Once again, my father stepped in. “Let her be,” he said firmly. “If she doesn’t know her own mind at thirty-six, then she never will. Some wounds only heal in fresh air.”

I could—probably
should
—have told them the truth, and I wonder now why I didn’t. I was their only child and we had a close and supportive relationship despite the often huge distances between us. But my father had so many regrets about abandoning the farm in Zimbabwe that I hesitated to burden him with mine. If he hadn’t been married, he’d have stayed put and barricaded the house out of bloody-mindedness, but my mother forced his hand after one of their neighbours was murdered by Mugabe’s Zanu-PF thugs.

My father never forgave himself for what he saw as capitulation. He felt he should have fought harder for what his family had bought and built, and what was rightfully his. He landed a reasonably paid job in London with a South African wine importer, but he hated the insularity of England, the claustrophobia of city life and the modest rented flat in Kentish Town that was a quarter the size of their farmhouse outside Bulawayo.

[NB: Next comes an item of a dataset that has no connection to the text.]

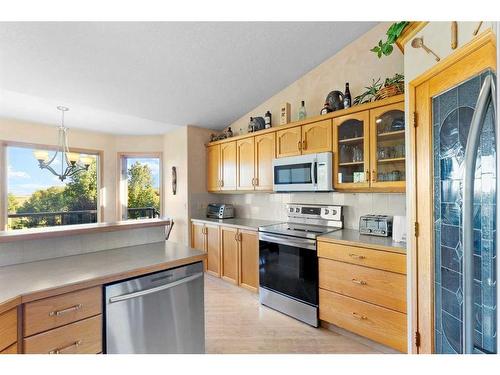 20-31222 Range Road 20A, Rural Mountain View County, AB - Indoor Photo Showing Kitchen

I take after my mother in looks, tall and blonde, and my father in character, determinedly independent. On the face of it, my mother appears the least secure of the three of us, yet I wonder if her willingness to admit fear shows that she’s the most self-assured. For my father, running away was an admission of defeat. He thought of himself as strong and resolute, and I realized in the summer of 2004 how humiliating it had been for him to cut and run. He hadn’t found the courage to confront Mugabe’s bullies any more than I could find the courage to confront mine…and we both felt diminished as a result.

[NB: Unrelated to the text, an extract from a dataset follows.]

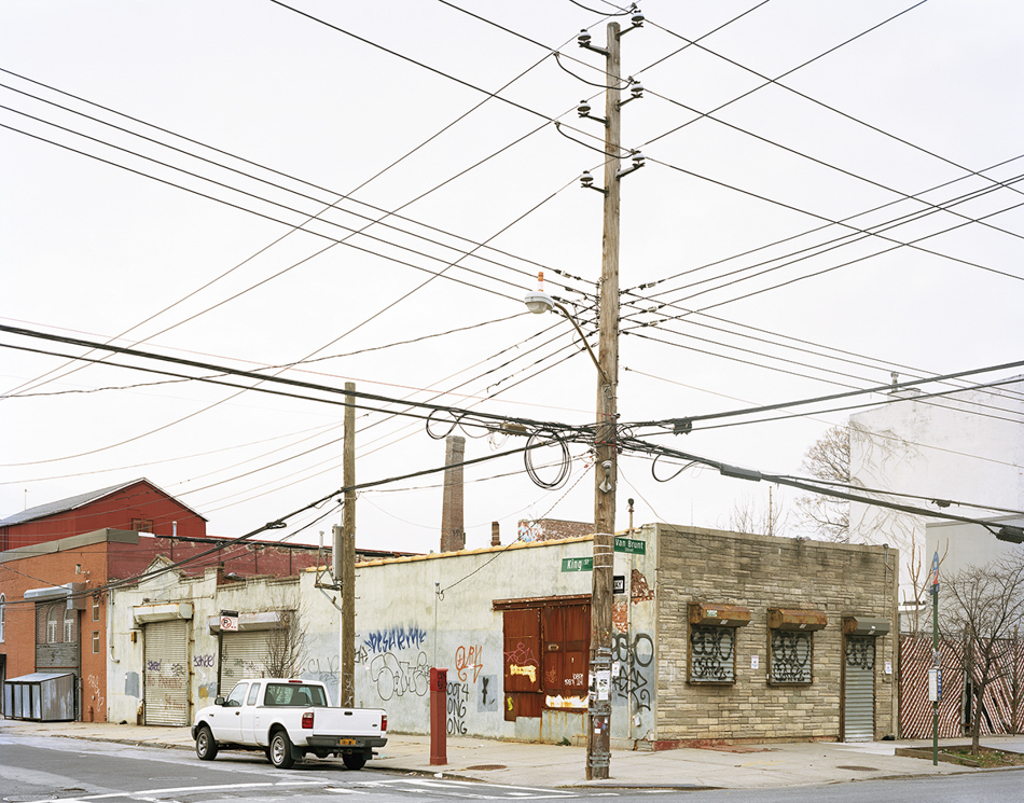 RED HOOK - Jade Doskow Photography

The excuse I gave them of wanting time and space to write a book was partially true. I’d produced an outline while still in Baghdad (in the aftermath of the Abu Ghraib revelations) and had been offered a publishing contract on the back of it. I saw how twitched I and my colleagues became when the West lost its sheen of moral respectability, and my idea had been to chart the world’s trouble-spots through the eyes of war correspondents. I particularly wanted to explore how constant exposure to danger affects the psyche.

The original advance offered was a pittance but I renegotiated it on the basis that the book would include a full and free account of my kidnapping. It was straightforward fraud, because I signed the contract knowing I would never reveal the truth. Indeed, I couldn’t see myself writing a book at all—I seized up every time I sat in front of a keyboard—but I had no conscience about persuading the publishers I was committed. It was the pretext I needed to take myself out of circulation while I stitched my tattered nerve together again.

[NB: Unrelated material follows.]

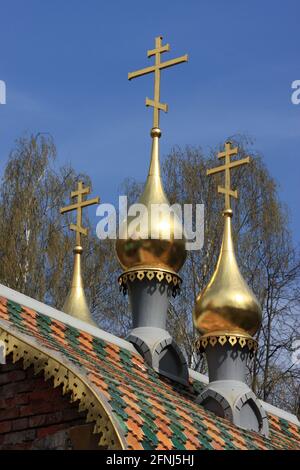 Die Spitze der orthodoxen Kapelle in Krasnogorsk, Russland Stockfoto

I found Barton House on a Dorset agent’s website and chose it because it was the only property available on a six-month lease. It was far too big for one person but the weekly rent was the same as for a three-bedroomed holiday cottage. When I queried this, the agent told me that holiday lets were unreliable and the owner wanted a guaranteed regular income. Since I could afford it, I accepted his explanation and forwarded a money draft under the name I’d used in the hotel, which was my mother’s maiden name—Marianne Curran—but even if he’d told me the truth, that the house was in a poor state of decorative repair, I would still have gone ahead. I was obsessed at that stage with removing myself from the world.